April 19, 6 – 8 PM | Aaron Morvan’s Solo Exhibition – Honest Ambiguity
Join us Thursday, April 19 from 6 to 8 p.m. as we celebrate Aaron Morvan and his solo exhibition entitled, “Honest Ambiguity”. The opening reception is come and go. There will be light refreshments and everyone is invited to join us for this event.
For this exhibition, Aaron’s work consists of acrylics on canvas. Through bold yet subtle abstract shapes and muted, but ever deepening palettes, Aaron finds comfort in creating a space “in between”. His abstract shapes are distantly familiar, hinting at conclusions that only you can make for yourself. The exhibition is aptly titled, “Honest Ambiguity”, explores the greyness of the human condition and embracing what is possible. Of this work, Aaron says, “I understand that not everyone may share my affinity for the grey area. Frustration can often accompany vagueness, creating doubt. However, doubt can be used as a tool to inform self-reflection.”
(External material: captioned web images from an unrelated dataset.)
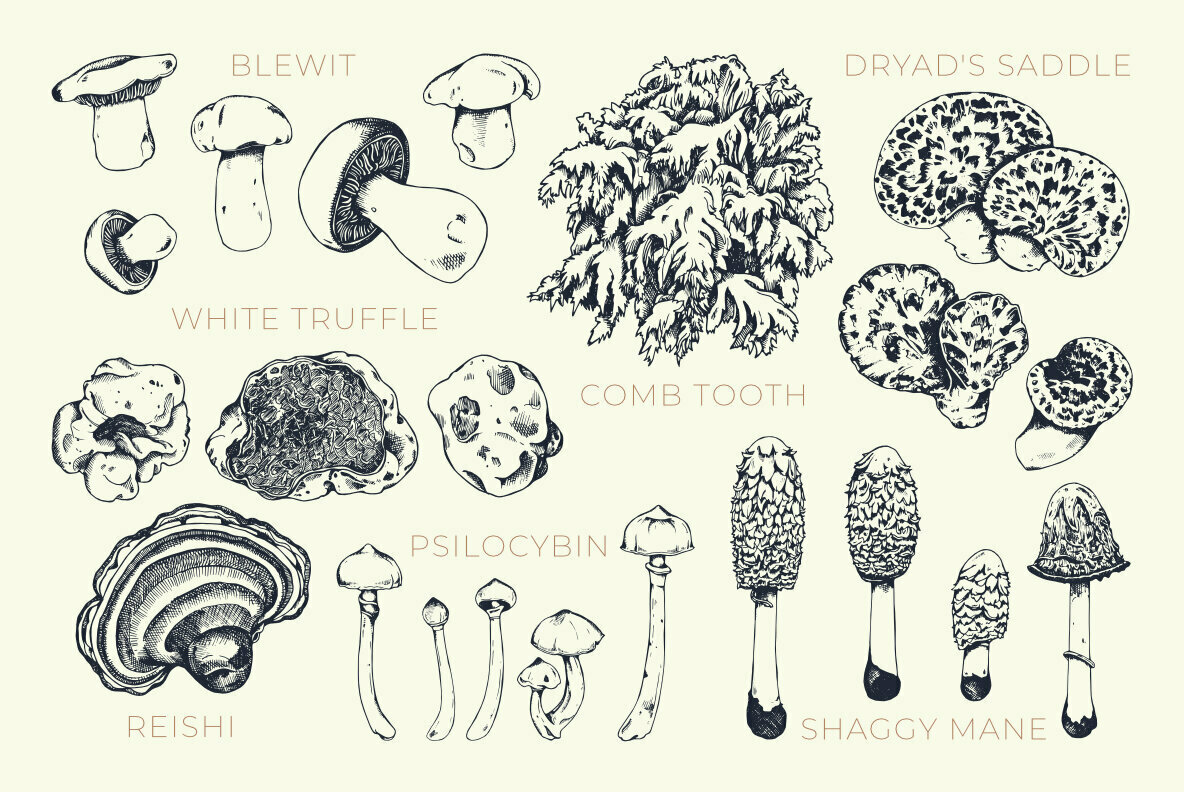 Fungi 3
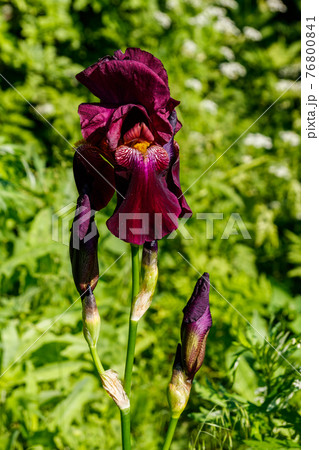Beautiful iris flower on flowerbed in garden 76800841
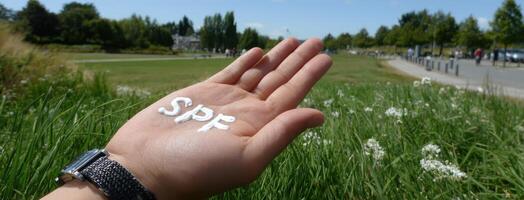 A person's hand holding the word sfp in the grass photo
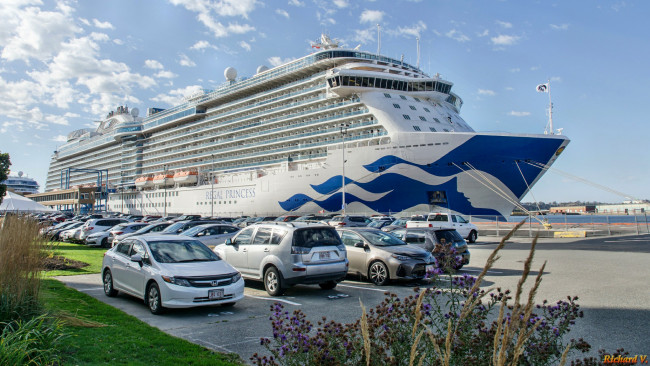 Обои картинки фото regal princess, корабли, лайнеры, лайнер, круиз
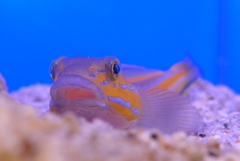 P1090662　水族館にて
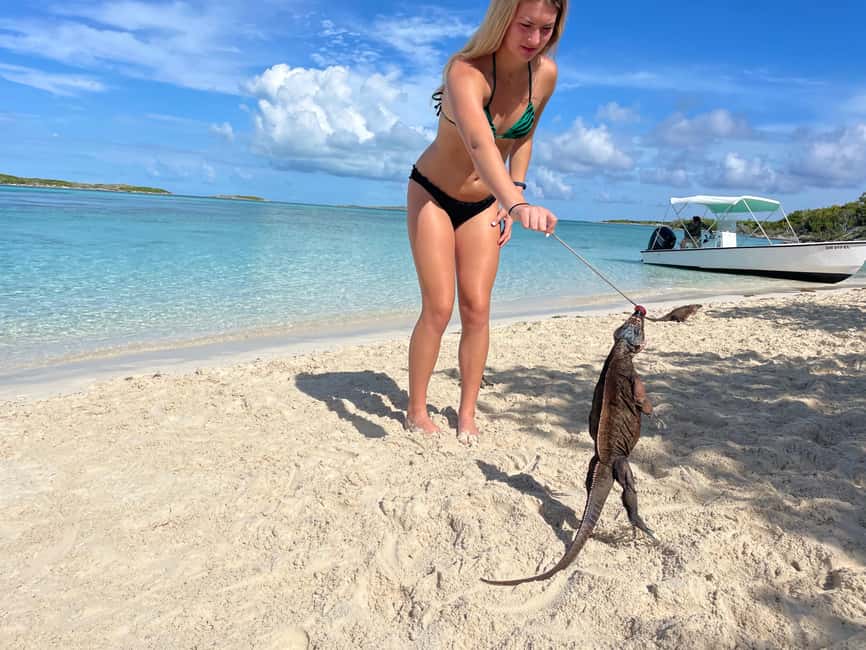Nassau: 3 Islands Boat w/ Swimming Pigs, Snorkeling & Turtle - Rose Island Beach-Bar Time: Lunch, Drinks, and a Bit of Freedom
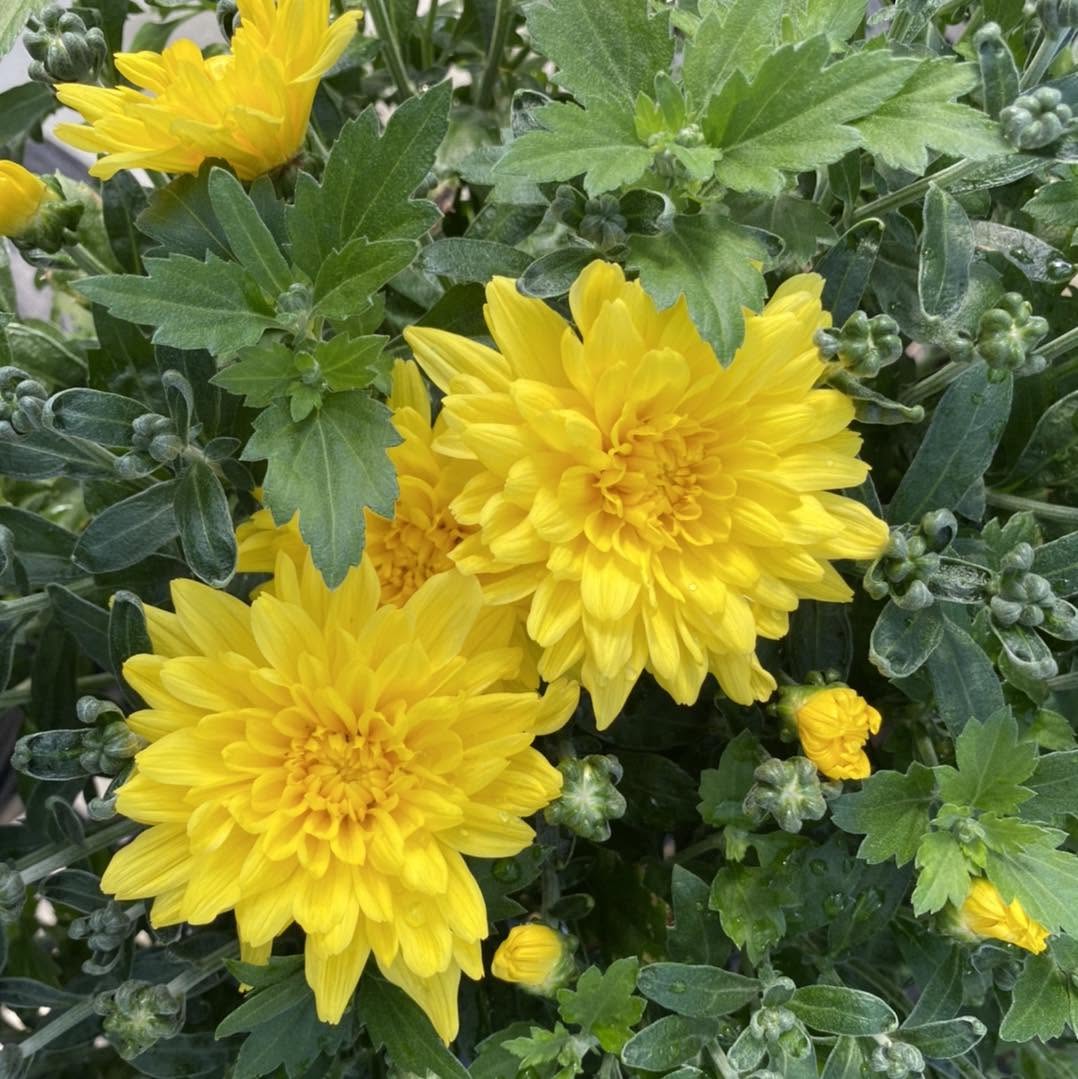 Yellow Pre-order Mum 6" Pot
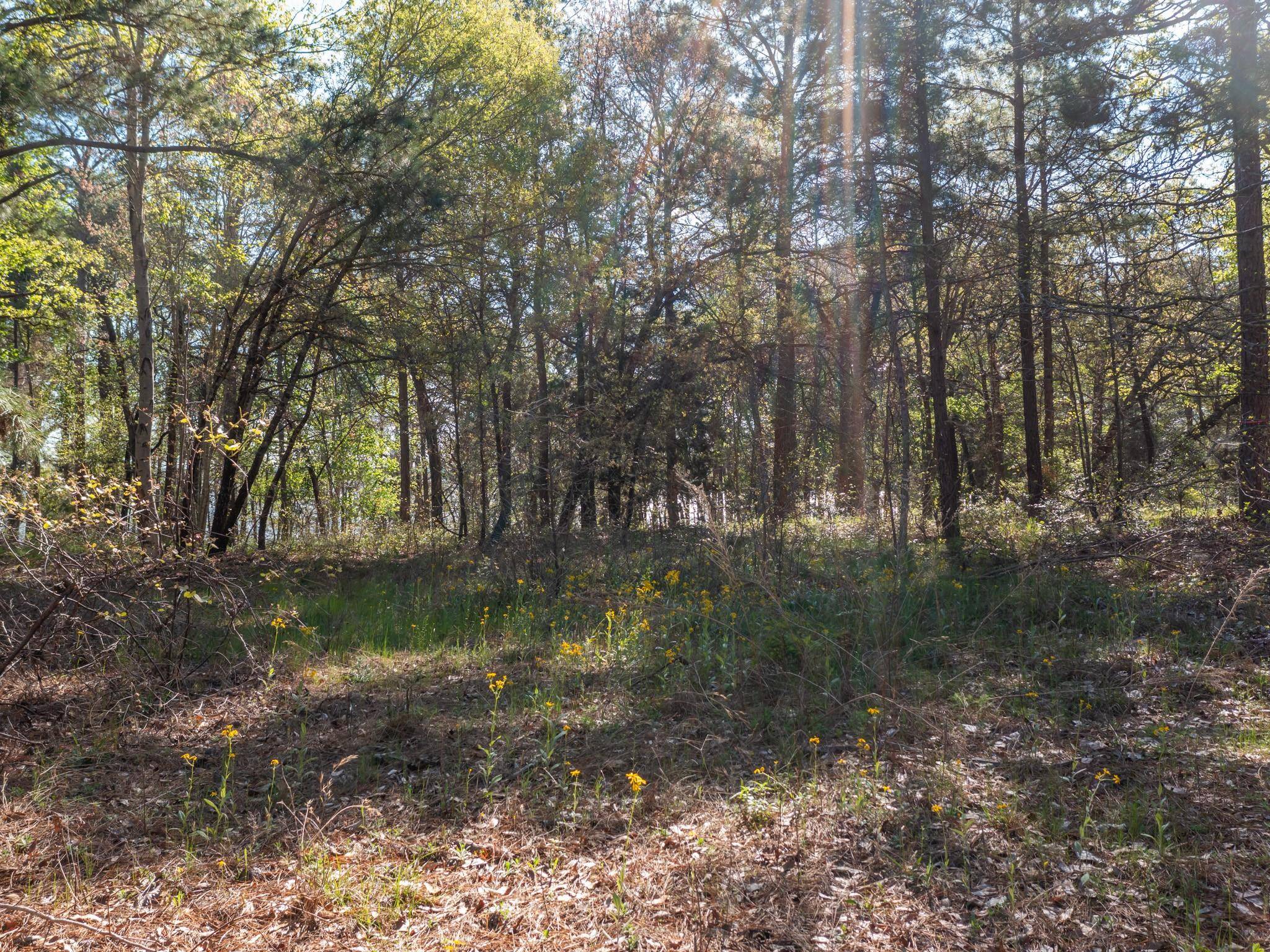 3104 Shadow Pine DR, Larue, TX 75770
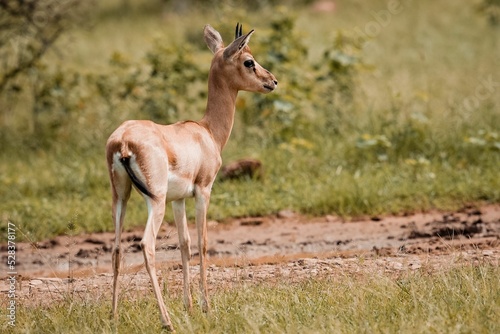 Dorcas gazelle in the savanna. Gazella dorcas. photo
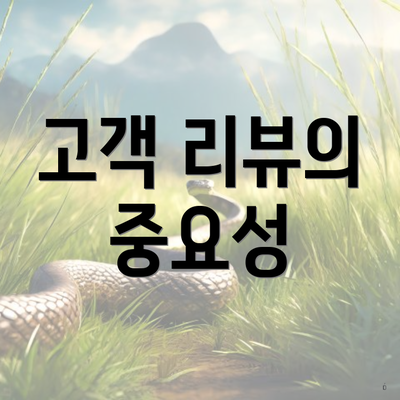 고객 리뷰의 중요성
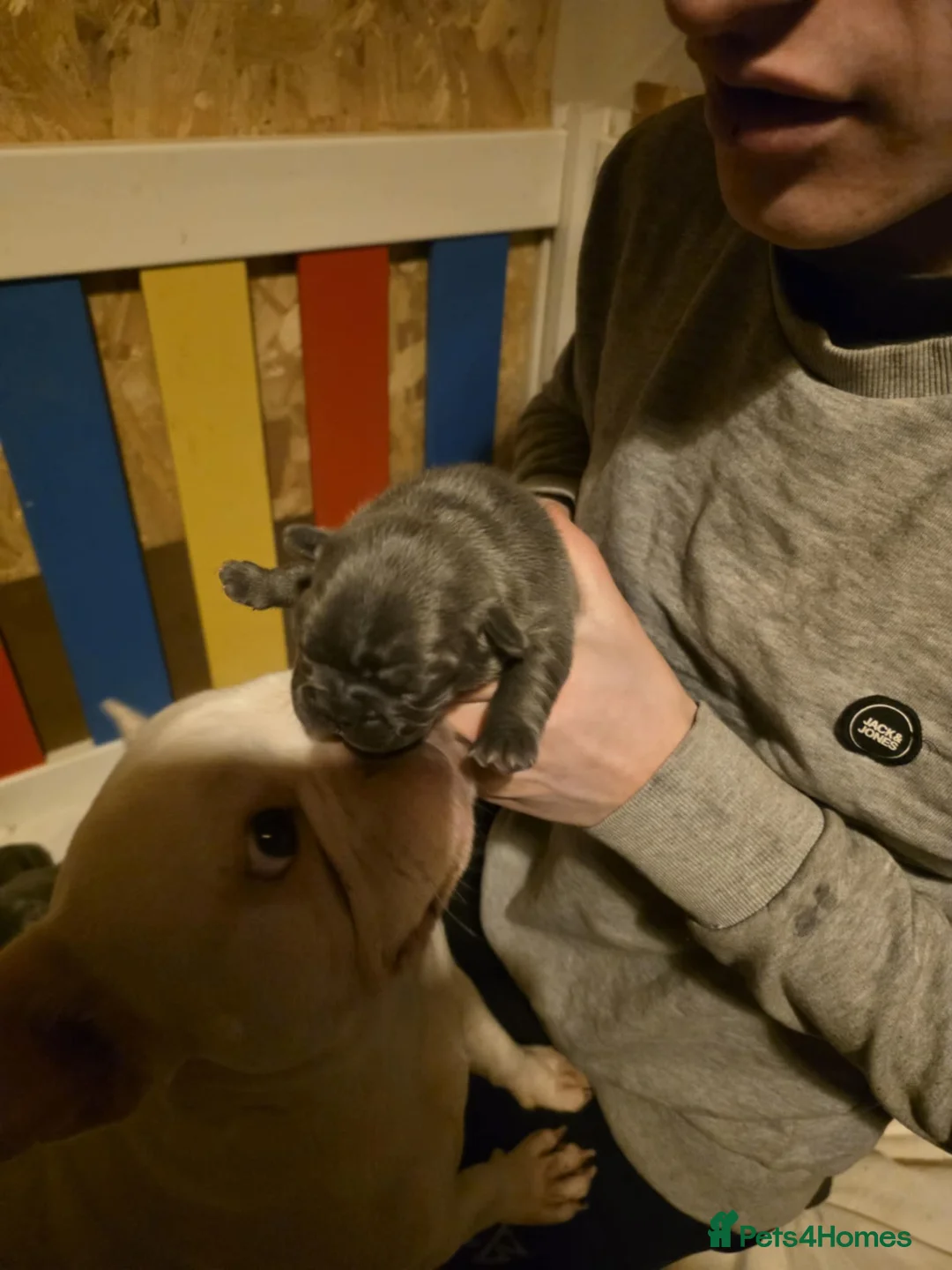 French Bulldog dogs for sale: 7 week old french bulldog puppies - Advert 5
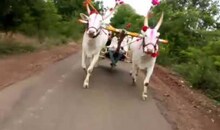 जिवापाड जपलेली सर्जा, राजाची जोडी डोळ्यासमोर गेली, भयानक अपघातात बैलांचा मृत्यू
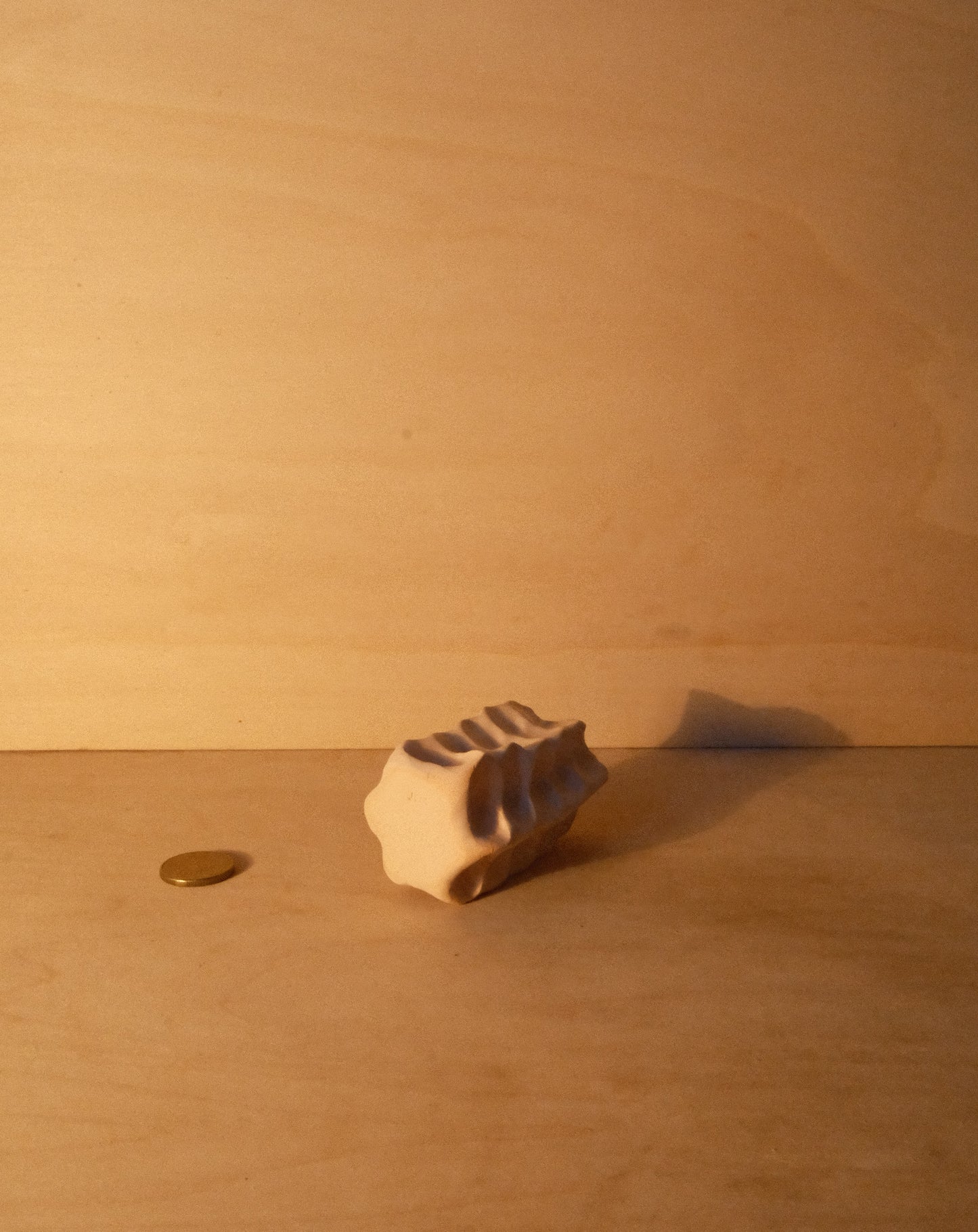 WHITE MOREL VASE 002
Aaron Morvan is a designer, artist, and curator based in Oklahoma City. He earned his Bachelor’s Degree of Fine Art from Oklahoma Baptist University. In addition to creating his own work, Morvan produces exhibitions for non-gallery venues in Oklahoma City. He makes pizza most every Monday evening and is willing to share—just ask for an invite.
Artist Statement for “Honest Ambiguity”
Ambiguity is a strange and fascinating concept. I’ve come to embrace the ambiguous in my life and in my art—it allows possibility. These shapes can be anything going anywhere. These faces could be anyone from any place. The colors used are inexact and subtle, which I find more interesting than the bold and noisy.
I understand that not everyone may share my affinity for the grey area. Frustration can often accompany vagueness, creating doubt. However, doubt can be used as a tool to inform self-reflection.
This collection as a whole serves as a reminder to embrace the ambiguous parts of life, quieting anxiety and worry. The shapes are a reminder to let unchangeable forces in life be what they are. The faces are a reminder to live and work hard, without getting bogged down. I have no expectations of what your experience with this collection may be, but I hope it may be informative.